> [Brief]
Would you please restate the data exactly as it stands, apart from the pictures?

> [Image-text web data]
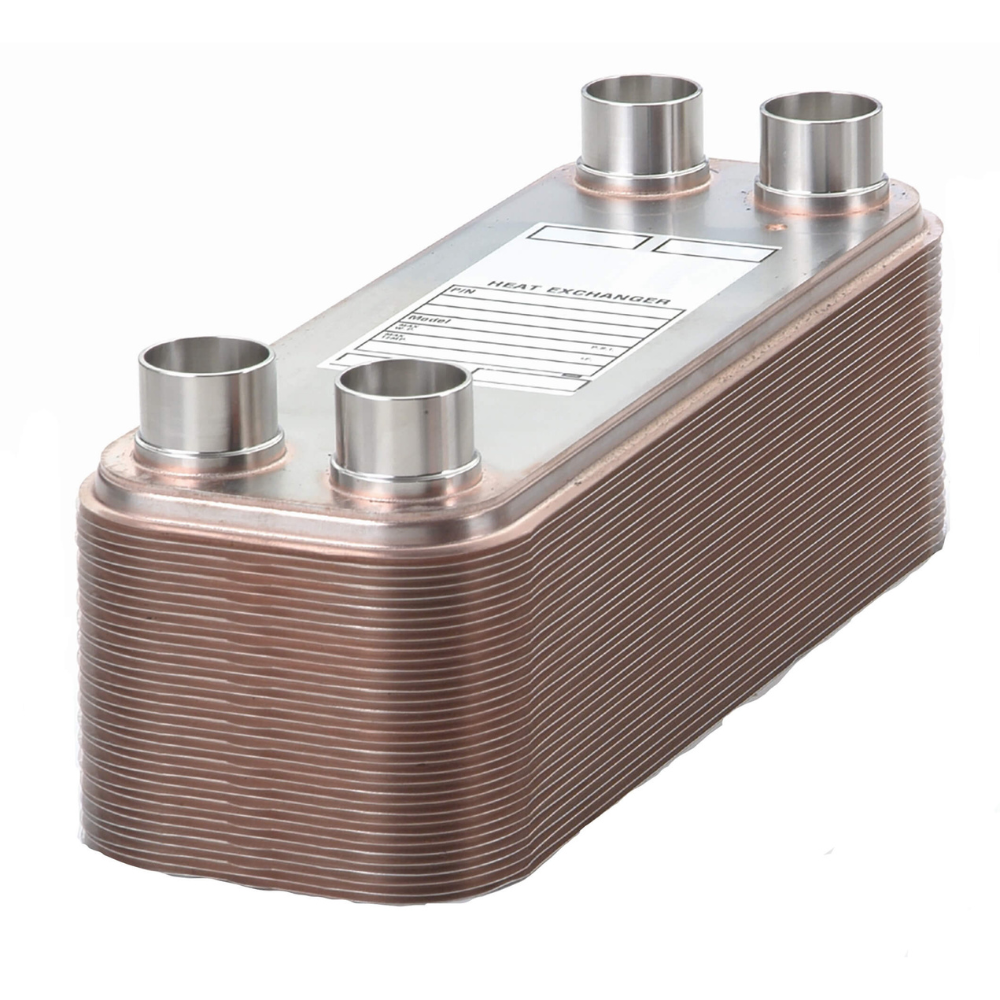 Standard Xchange BRAZEPAK BP415-030 Heat Exchanger - PICK UP ONLY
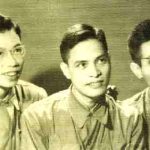 Hoàng Cầm trong kháng chiến, cạnh Trúc Lâm, Hoàng Tích Linh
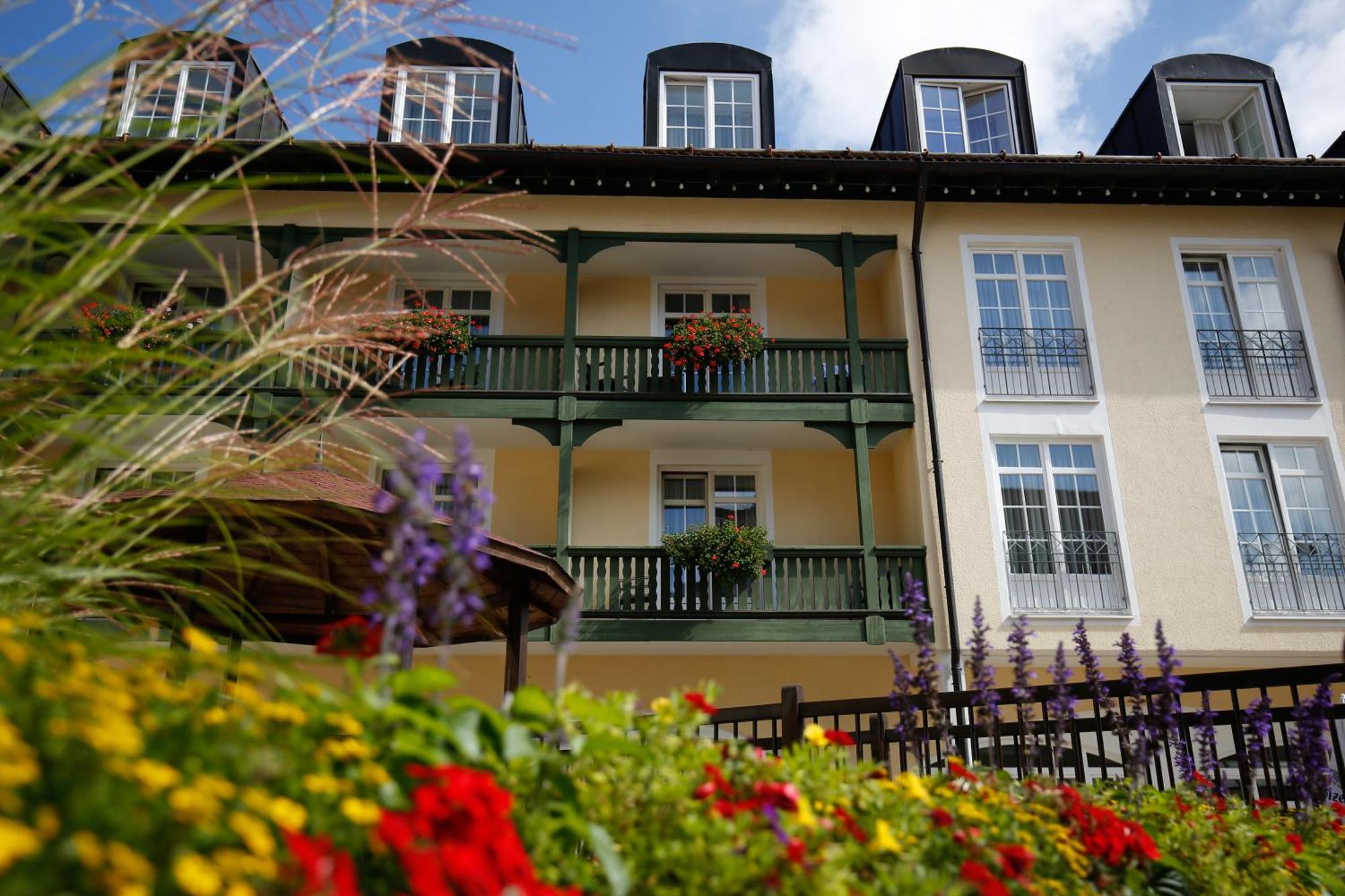 Hotel Bayerischer Hof Miesbach, Bw Premier Collection Miesbach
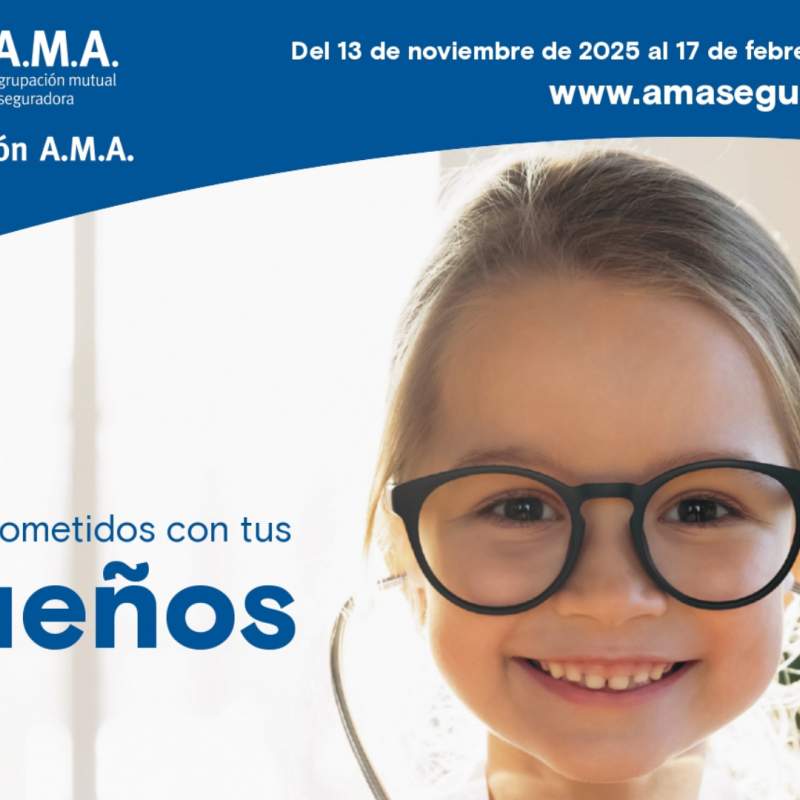 Becas - Fundación A.M.A 2025-2026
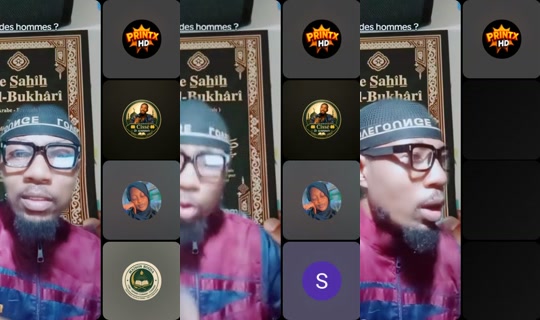user.oustazachek TikTok Live — Aug 28, 2026, 9:30 AM
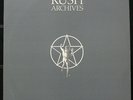 RUSH 'Archives' 1978 Unplayed NM Original US FIRST press PROMO 3-LP set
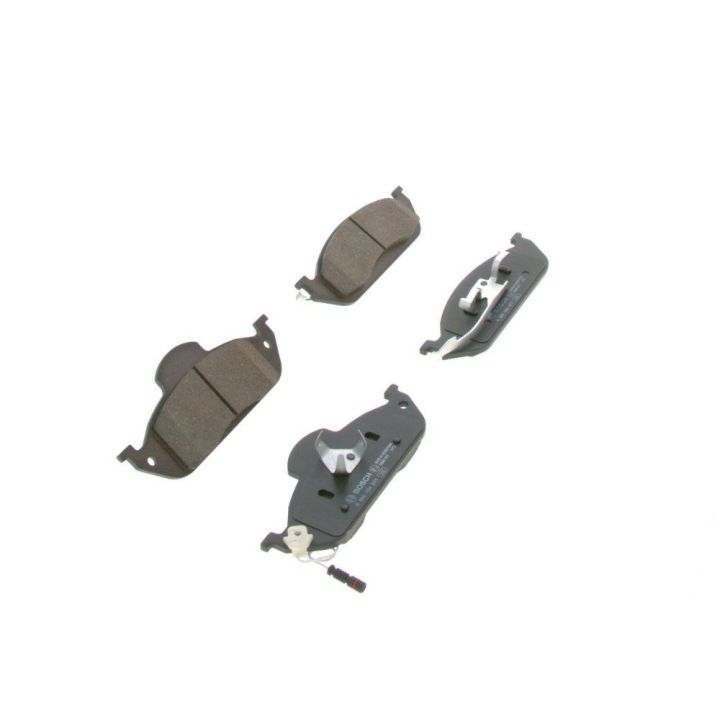 Mercedes ML 230 270 320 İkaz Kablolu Ön Fren Balatası (1998-2005) - Bosch 0986424611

> [Solution]
 Standard Xchange BRAZEPAK BP415-030 Heat Exchanger - PICK UP ONLY
 Hoàng Cầm trong kháng chiến, cạnh Trúc Lâm, Hoàng Tích Linh
 Hotel Bayerischer Hof Miesbach, Bw Premier Collection Miesbach
 Becas - Fundación A.M.A 2025-2026
user.oustazachek TikTok Live — Aug 28, 2026, 9:30 AM
 RUSH 'Archives' 1978 Unplayed NM Original US FIRST press PROMO 3-LP set
 Mercedes ML 230 270 320 İkaz Kablolu Ön Fren Balatası (1998-2005) - Bosch 0986424611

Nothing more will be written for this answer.